* Data for the task:

=====

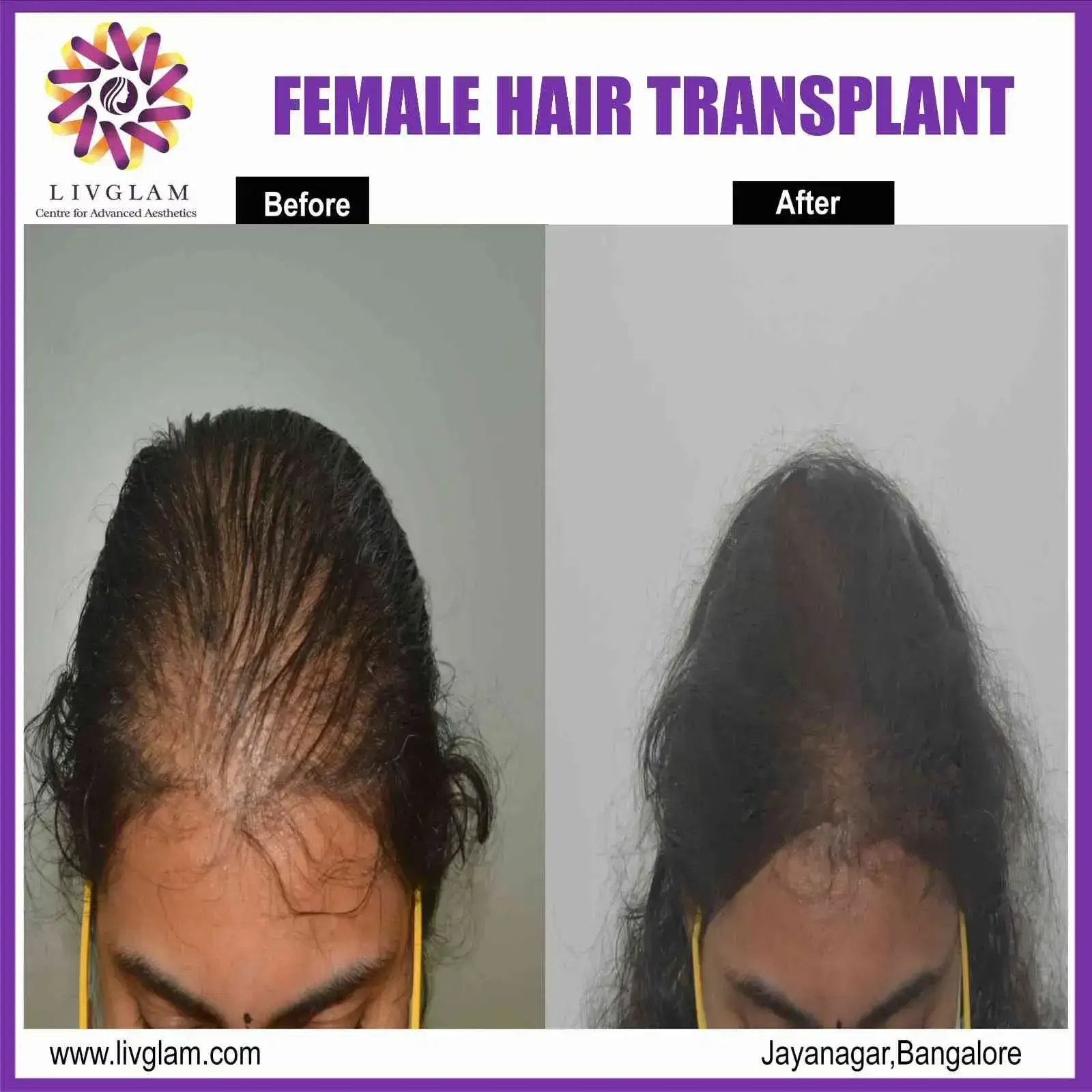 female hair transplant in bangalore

=====

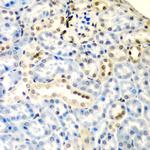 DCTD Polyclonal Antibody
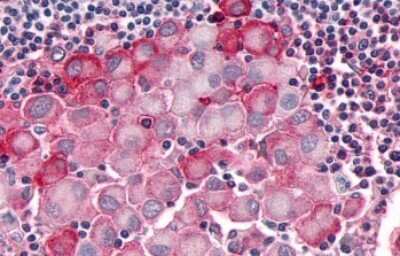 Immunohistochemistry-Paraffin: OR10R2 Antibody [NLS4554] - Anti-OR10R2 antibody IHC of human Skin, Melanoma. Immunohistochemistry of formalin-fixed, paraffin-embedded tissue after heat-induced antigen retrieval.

=====

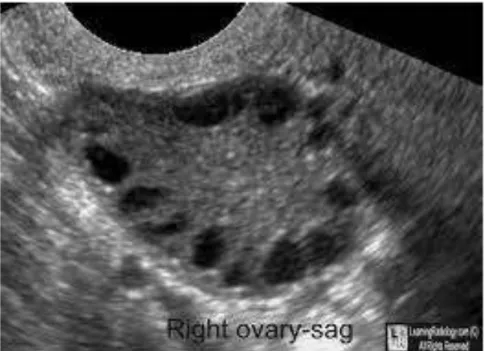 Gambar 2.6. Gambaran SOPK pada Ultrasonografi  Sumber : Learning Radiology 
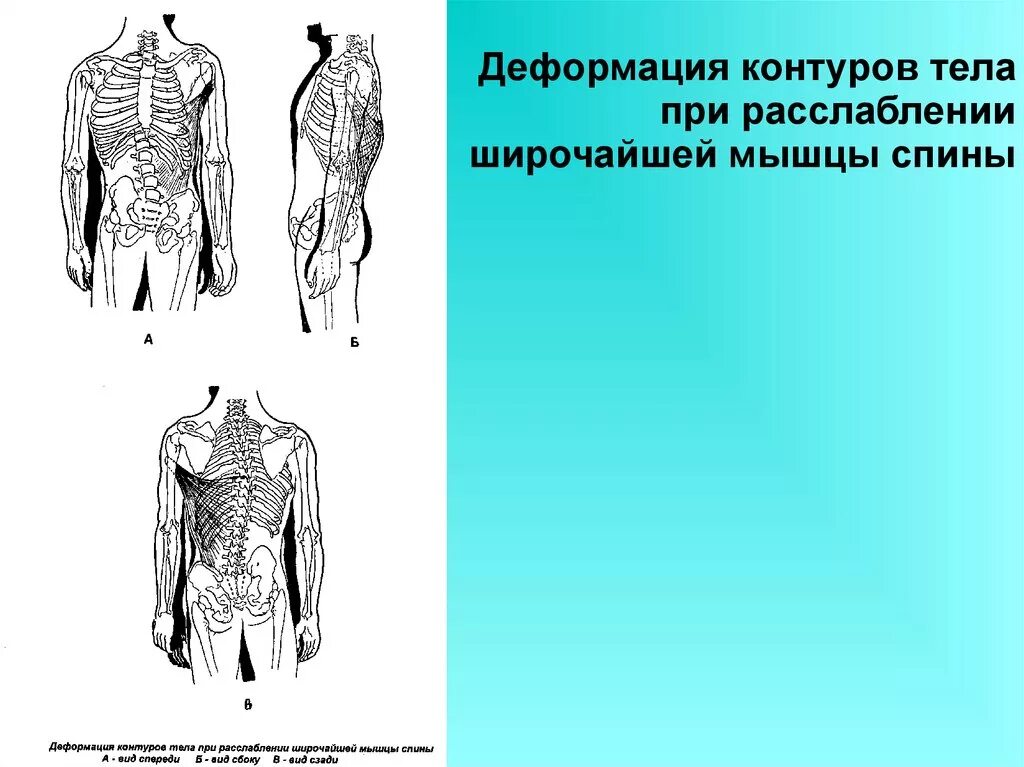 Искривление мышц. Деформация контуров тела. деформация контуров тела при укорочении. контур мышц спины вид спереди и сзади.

=====

* Assigned task:
From the records above, transcribe exactly the lines starting at the one containing "DCTD Polyclonal Antibody" and ending at the one containing "Immunohistochemistry-Paraffin: OR10R2 Antibody". Skip the pictures.

* Exercise solution:
 DCTD Polyclonal Antibody
 Immunohistochemistry-Paraffin: OR10R2 Antibody [NLS4554] - Anti-OR10R2 antibody IHC of human Skin, Melanoma. Immunohistochemistry of formalin-fixed, paraffin-embedded tissue after heat-induced antigen retrieval.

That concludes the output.